この時期くらいしかチームの役にはたてないと思いつつ、練習試合の審判をさせてもらっている。さすがに試合の「現場」に立つと気持ちが引き締まる。
ふだんはなかなか打席にたてず、最終回に代打でたった一回のチャンスをもらう下級生。もしかしたら人生初打席なのかなという場面もある。
打席でバットを振るだけでもたいへんなことがよくわかる。たったひとりでピッチャーの投げる球に挑まないといけない。
空振りしてもスイングできたことに拍手したり、いいぞ!と声かけしたり、なにもいわずも優しい眼差しを送る監督も、それぞれの方法で最大の評価を贈る。
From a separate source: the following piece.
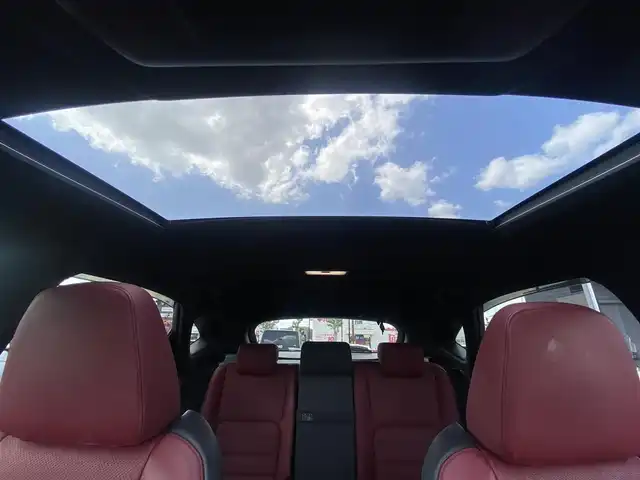 レクサス ＮＸ 300h Fスポーツ 福岡県 2015(平27)年 12.8万km スターライトブラックガラスフレーク ・サンルーフ/・レーダークルーズコントロール/・SDナビ/CD/DVD/Bluetooth/AUX/・赤革シート/シートヒーター/・社外ドライブレコーダー/・ETC/・純正18AW/・プッシュスタート/・スマートキー/・パワーシート/・オートライト/・LEDライト/・オートブレーキホールド/・ステアリングヒーター/・保証書/・取扱説明書/・記録簿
少し遠くには、保護者の姿も。もしかしたらもっと遠いところから、おじいちゃんおばあちゃんもみているかもしれない。
2ストライク後に見逃し…不安げな顔で球審の顔をみつめられるのがどんなに辛いことか…。的確なジャッジをしたとしても、適切なジャッジだったか?と、思うこともある。
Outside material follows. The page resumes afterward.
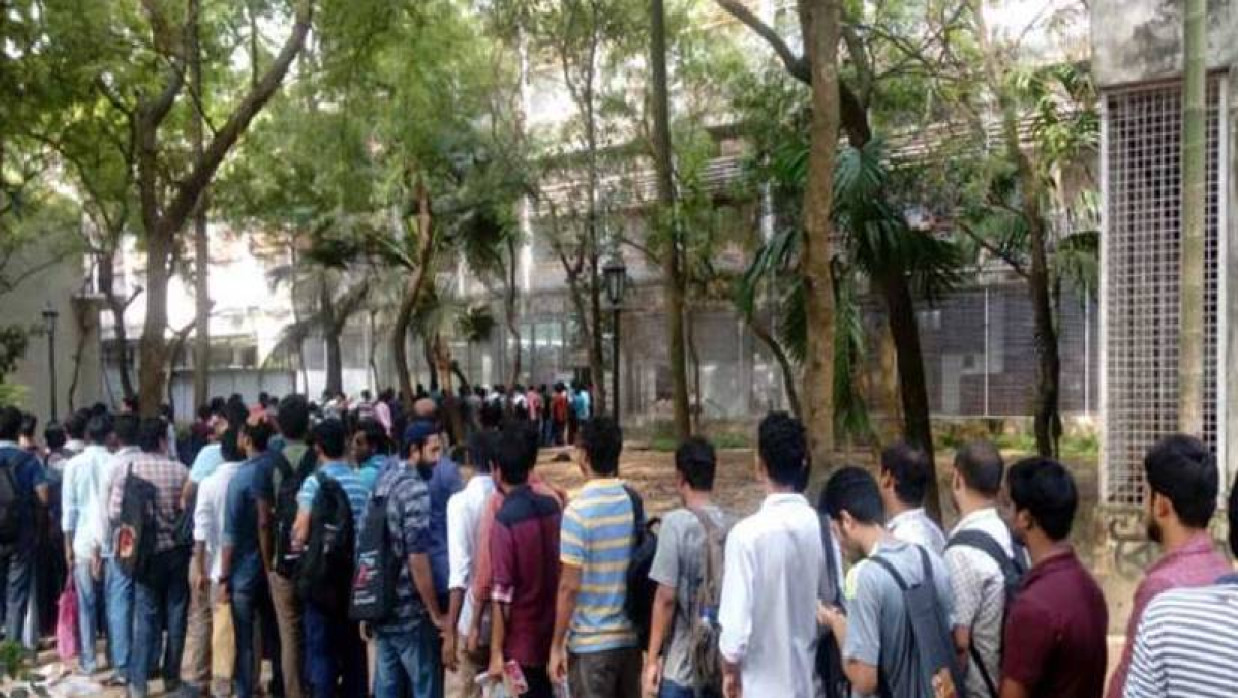 ঢাকা বিশ্ববিদ্যালয় গ্রন্থাগারে ঢুকছেন চাকরিপ্রার্থী ও শিক্ষার্থীরা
球審のみならず、塁審でも際どい判定のシーンは、目の前のプレーヤーだけでなく、判定する瞬間は目に入らないが、両チームのベンチも固唾をのんで判定を待っている。そんなときは、より大きなジャッジとコールで的確なジャッジが求められる。
全体をみながら目の前のプレーをジャッジする難しさは、経験を積むことで審判に対する関心が深まり、関心が深まることで、動きや間(ま)が洗練され、その結果自然に的確なジャッジメントができるようになっていく。毎年の理事さんを見ていてそれは確信できる。
卒業した理事さん2名が、この冬から審判部の審判員となる。学童での理事経験を審判部の活動につなげていただくことはとても嬉しい。これまでにも、コーチや監督となって、素晴らしい指導をされている理事経験者も多い。
いろんな立場で野球に勤しみながら、いろんなカタチでチームや野球現場を支え続ける。そういう大人たちに育てられる環境が学童野球の現場にはある。
ぜひ、多くの子どもたちが、学童野球の「現場」を感じてもらいたい。